Suggestiva la dualità tra il potere ottuso e i soldati di prima linea più deboli, che subiscono perdite fisiche e morali (ci si salva per il rotto della cuffia e ironizzando, non senza aver regalato qualche arto rotto prima di far ritorno a casa). Soprattutto il personaggio interpretato da Jack Palance (il Tenente Joe Costa), è davvero una volpe fragile.

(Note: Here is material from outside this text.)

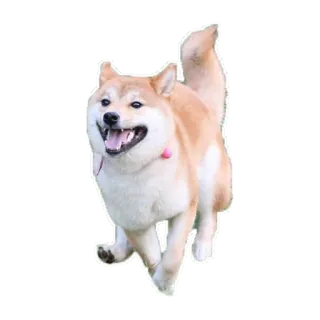 🏃 6e0608da anjing, shiba inu, hewan peliharaan, binatang, lucu, berlari whatsapp sticker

Scaltro e tutto d’un pezzo in battaglia, è costretto a scontrarsi con qualcosa che nemmeno conosce e immagina: una debolezza a metà tra lo psicologico e il corruttibile che lo obbliga a trascinarsi per terra, ai piedi di una figura più gracile eppure più spalleggiata di lui. Il rapporto di forza sulle strategie d’attacco giocato con Eddie Albert (il Capitano Erskine Cooney, interpretato dall’attore che ritornerà, altrettanto odioso, in “Quella sporca ultima meta”), mette in evidenza la posizione dell’uomo sbagliato nel posto sbagliato, colui che si trova in quell’avamposto per accontentare un desiderio paterno.

 

Un nesso che smuove una serie di emozioni così articolate: c’è la paura degli uomini del reparto militare più avanzato, la fiducia quasi incondizionata che essi riconoscono al loro tenente, la validità e l’importanza della parola nel rapporto tra uomini integri, e c’è il bilanciamento del trasformismo di certi colonnelli, il tradimento dei valori umani, le vigliaccherie di chi non sa svolgere i suoi compiti, fino ad arrivare all’omicidio. Nessuno brilla come modello integerrimo e non c’è riabilitazione nemmeno per il Tenente Woodruff che agirà per conto di Costa, offrendosi alla mercé di una democrazia che ormai presta fede senza riserve all’arte del compromesso dei suoi superiori. Leggermente disordinato per l’elevato numero di personaggi coinvolti nell’affaire, tra i quali un Lee Marvin lasciato nell’ombra, “Prima linea” rimane un film dal grande impatto visivo e dalla forte connotazione socio-politica.